Ее голос еще более смягчился.
– Ах, это вы.
Он зажал пальцем другое ухо – сквозь открытые створки врывался шум со школьного двора.
– Мои сердечные соболезнования. Господин Бон рассказал мне о… – она выдержала крошечную паузу, – о несчастном случае.
Он испугался. Если Роберт говорил со своей уборщицей про смерть Шарлотты, что он мог ей там наплести? Возможно, эта студентка не только убирала у него, но и оказывала между мытьем пола и вытиранием пыли другие маленькие услуги. Любовные, например. Возможно, она не худенькая брюнетка, погруженная в свою науку, а белокурая хищница. Возможно, она рылась в отсутствие Роберта в его вещах.
– Он очень сильно переживал из-за кончины вашей супруги, – сообщила фрау Эсром.
– Да, я знаю. Мы дружим с незапамятных времен. Он очень помог мне в последнее время, приезжал ко мне почти каждый день. Поэтому-то мне и кажется таким странным, что он исчез и не дает о себе знать. Вы ведь уже достаточно давно работаете на него, наверняка знаете его привычки.
– Да, пожалуй, – неопределенно отозвалась она.
– Раз у вас есть ключ… И раз он рассказывает вам о таких частных вещах… У вас нет никаких догадок, где он может быть?
Она помедлила, потом сказала:
– Возможно, он уехал на пару дней играть в гольф, иногда он так поступает совершенно неожиданно.

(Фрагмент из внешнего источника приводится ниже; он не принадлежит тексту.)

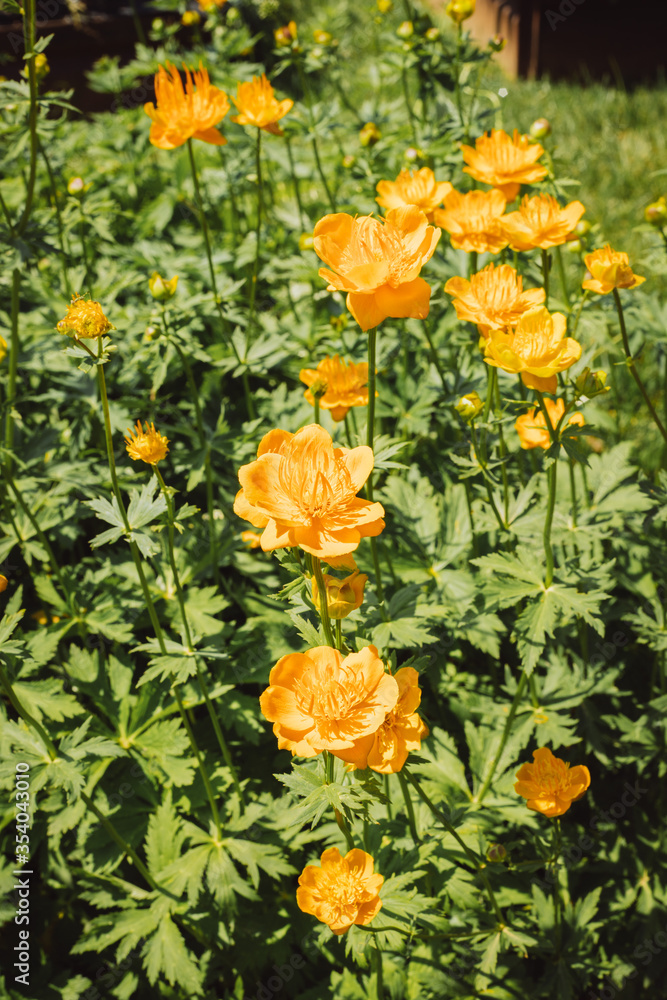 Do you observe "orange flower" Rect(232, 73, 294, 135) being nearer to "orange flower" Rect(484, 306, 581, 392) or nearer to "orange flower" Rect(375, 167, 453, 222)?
"orange flower" Rect(375, 167, 453, 222)

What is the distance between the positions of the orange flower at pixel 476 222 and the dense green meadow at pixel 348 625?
1 centimetres

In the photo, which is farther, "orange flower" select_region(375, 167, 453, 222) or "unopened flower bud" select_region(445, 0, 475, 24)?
"unopened flower bud" select_region(445, 0, 475, 24)

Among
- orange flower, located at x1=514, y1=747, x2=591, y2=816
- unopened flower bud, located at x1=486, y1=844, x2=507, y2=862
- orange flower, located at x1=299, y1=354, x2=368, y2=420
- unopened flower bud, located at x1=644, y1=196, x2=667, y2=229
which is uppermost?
unopened flower bud, located at x1=644, y1=196, x2=667, y2=229

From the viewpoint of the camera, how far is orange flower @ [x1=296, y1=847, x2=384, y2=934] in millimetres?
1174

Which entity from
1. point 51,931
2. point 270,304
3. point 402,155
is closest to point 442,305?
point 402,155

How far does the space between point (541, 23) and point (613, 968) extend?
295 inches

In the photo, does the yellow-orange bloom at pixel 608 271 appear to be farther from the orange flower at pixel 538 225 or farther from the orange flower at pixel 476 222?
the orange flower at pixel 476 222

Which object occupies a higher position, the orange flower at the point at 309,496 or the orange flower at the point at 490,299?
the orange flower at the point at 490,299

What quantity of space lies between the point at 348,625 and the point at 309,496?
0.54 m

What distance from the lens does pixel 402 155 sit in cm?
294

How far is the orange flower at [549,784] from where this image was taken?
1388 mm

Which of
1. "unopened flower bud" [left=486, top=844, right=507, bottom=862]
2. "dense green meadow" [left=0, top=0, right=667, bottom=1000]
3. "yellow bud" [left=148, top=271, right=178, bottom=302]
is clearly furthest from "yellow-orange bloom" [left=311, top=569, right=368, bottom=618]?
"yellow bud" [left=148, top=271, right=178, bottom=302]

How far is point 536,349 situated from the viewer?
1316 millimetres

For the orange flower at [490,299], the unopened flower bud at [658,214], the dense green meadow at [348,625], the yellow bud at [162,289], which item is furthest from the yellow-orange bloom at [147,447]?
the unopened flower bud at [658,214] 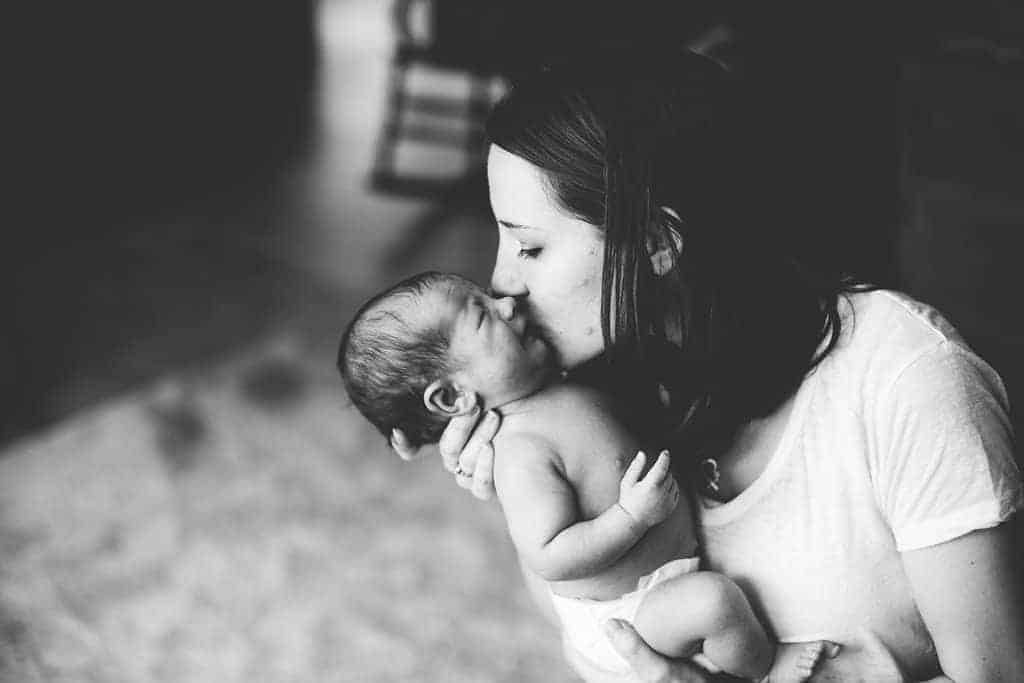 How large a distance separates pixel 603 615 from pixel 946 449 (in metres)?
0.47

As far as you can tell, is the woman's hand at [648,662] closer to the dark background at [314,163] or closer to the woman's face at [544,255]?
the woman's face at [544,255]

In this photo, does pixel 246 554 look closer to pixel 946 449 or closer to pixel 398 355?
pixel 398 355

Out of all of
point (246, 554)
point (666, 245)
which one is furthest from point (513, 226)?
point (246, 554)

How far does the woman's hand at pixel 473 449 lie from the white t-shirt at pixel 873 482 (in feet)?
0.87

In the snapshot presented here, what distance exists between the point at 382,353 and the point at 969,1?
228 cm

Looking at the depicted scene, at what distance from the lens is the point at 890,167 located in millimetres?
1841

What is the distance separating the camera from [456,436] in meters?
1.23

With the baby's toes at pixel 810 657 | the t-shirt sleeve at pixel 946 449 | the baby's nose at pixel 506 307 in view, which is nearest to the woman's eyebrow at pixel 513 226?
the baby's nose at pixel 506 307

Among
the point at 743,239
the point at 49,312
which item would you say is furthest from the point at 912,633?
the point at 49,312

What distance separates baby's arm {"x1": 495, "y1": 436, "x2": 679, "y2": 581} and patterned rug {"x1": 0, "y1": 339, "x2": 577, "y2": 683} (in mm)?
855

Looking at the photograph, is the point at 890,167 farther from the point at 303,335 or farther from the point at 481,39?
the point at 481,39

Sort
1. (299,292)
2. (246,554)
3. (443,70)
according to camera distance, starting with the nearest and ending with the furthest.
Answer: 1. (246,554)
2. (299,292)
3. (443,70)

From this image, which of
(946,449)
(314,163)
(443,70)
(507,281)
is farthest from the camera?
(314,163)

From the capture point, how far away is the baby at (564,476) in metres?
1.09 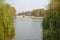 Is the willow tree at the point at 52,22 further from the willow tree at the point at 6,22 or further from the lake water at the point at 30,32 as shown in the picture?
the willow tree at the point at 6,22

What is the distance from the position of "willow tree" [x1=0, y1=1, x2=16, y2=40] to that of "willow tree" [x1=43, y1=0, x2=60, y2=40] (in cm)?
133

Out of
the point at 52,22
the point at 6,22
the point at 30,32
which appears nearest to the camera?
the point at 52,22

В гольф? Дама с «сырной» фамилией навела его на весьма полезную мысль. Но где же, черт побери, Роберт держал свои клюшки? Только бы не на видном месте в своей квартире, где она может наткнуться на них при следующей уборке. Йон вспомнил, что иногда видел их в багажнике его «бенца»; возможно, они по-прежнему там лежат. Но даже если клюшки обнаружатся в квартире, Роберт мог все равно уехать играть в гольф с легким багажом, куда-нибудь в теплый климат. На каждой площадке для гольфа можно взять клюшки напрокат.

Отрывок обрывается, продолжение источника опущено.